C'est un cargo mixte, quelques cabines craspouilles pour les passagers, ah ça ce ne sont pas les croisières "Costa" ! Le soir on se retrouve une dizaine à la table du Capitaine, des paumés comme moi. Pas assez de thunes pour l'avion, alors je rends des menus services à bord, la vaisselle, les pluches, un coup de loque par ci, par là, Allan m'a fait une bonne ristourne, alors je ne renaude pas, j'ferme ma grande gueule, et j'casse mon caillou, comme chantait Mick Micheyl.

L'autre jour en descendant dans les cales, j'ai été surpris, il y avait là une jolie vache ! Une limousine il me semble, je ne suis pas bien costaud en race bovine, mais enfin... Quelques jours plus tard en redescendant dans les cales, je vois accroupie entre les pattes de la Limousine, la Castafiore, c'est comme ça que je la surnomme, car elle a un pébron à piquer dans la tarte ! Elle tirait comme une malade sur le pis de la pauvre Limousine qui beuglait à n'en plus pouvoir !

Arrête la Diva, lui dis-je soudain très en colère, elle ne vous donnera pas de lait, elle n'a sûrement jamais vêlé vu son jeune âge, c'est une génisse, ça se voit non ?

- Ah bon pour qu'elle donne du lait il faut qu'elle ait vêlé ?

- Ben oui c'est un mammifère comme vous !

Elle a tordu son nez, un peu vexée que je la compare à une vache, bien fait pour sa tronche elle n'a qu'à pas maltraiter les bêtes !

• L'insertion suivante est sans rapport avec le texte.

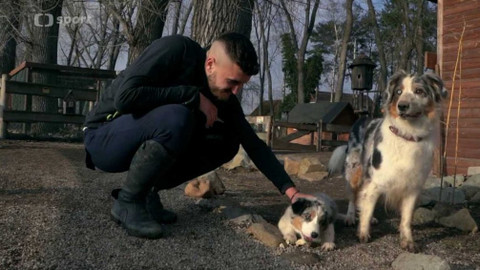 Studio fotbal - Extra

Les jours se sont écoulés monotones, et puis au bout de quatre semaines alors qu'on longeait les côtes du Chili, après avoir franchi le détroit de Magellan,s'est levée une tempête commack ! Le barlu était bringueballé en tous sens, la Castafiore pas contente gerbait dans le couloir, elle aurait pu chanter : "j'ai deux grands BEUEUEUEUH dans mon étable" ! Je songeais au taf qui m'attendrait quand tout ce raffut serait terminé !

Soudain un craquement terrible, ça y est le Karaboudjan nous rejouait Titanic, deux qui le tiennent trois qui le...

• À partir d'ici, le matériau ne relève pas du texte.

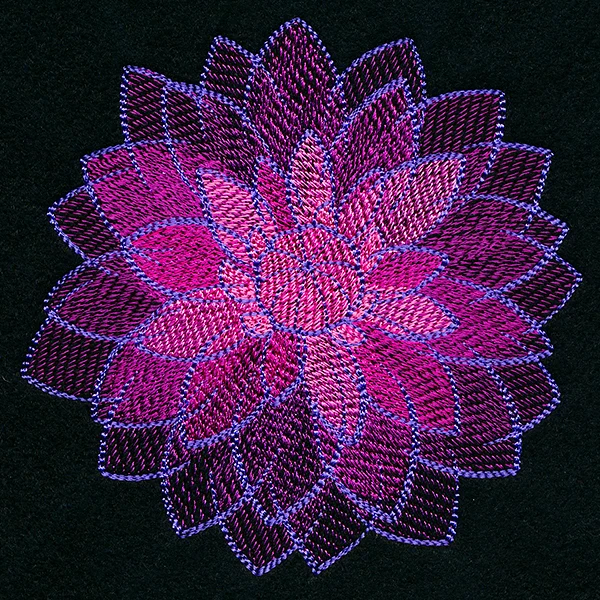 Wild Magic Dahlia - Image 4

Je connais un peu l'endroit à quelques miles de Valparaiso "valle paradiso" en espagnol, tu parles ! Il y a une petite île, désolée, battue par les vents du Pacifique, la isla negra qu'ils l'appellent, l'île noire !

Noire comme la flotte qui grimpe à la vitesse grand "V" dans les coursives, je n'ai qu'une hâte me tirer au plus vite, au passage, dans la cuisine je rafle un flacon, il me semble que c'est la gnôle que j'ai mis dans les crêpes hier au soir, une petite gâterie afin de fêter la dernière nuit à bord.

Je plonge dans l'eau glacée, puis à la lueur des éclairs je me dire vers l'îlot, ma bouée de sauvetage. Une minuscule plage de galets aussi noirs que l'âme du Capitaine Allan. A peine sur les cailloux, j'entends meugler... C'est ma Limousine, je l'aide à accoster, dans mon œil elle lit qu'en cas de disette elle me servira de casse croûte, surtout après ma troisième voire plus eau de vie !

Faut tout de même avoir rien à foutre pour fourrer dans le même barlu : une île déserte, une vache fusse t-elle Limousine, la Castafiore, et trois verres d'eau de vie... Amen.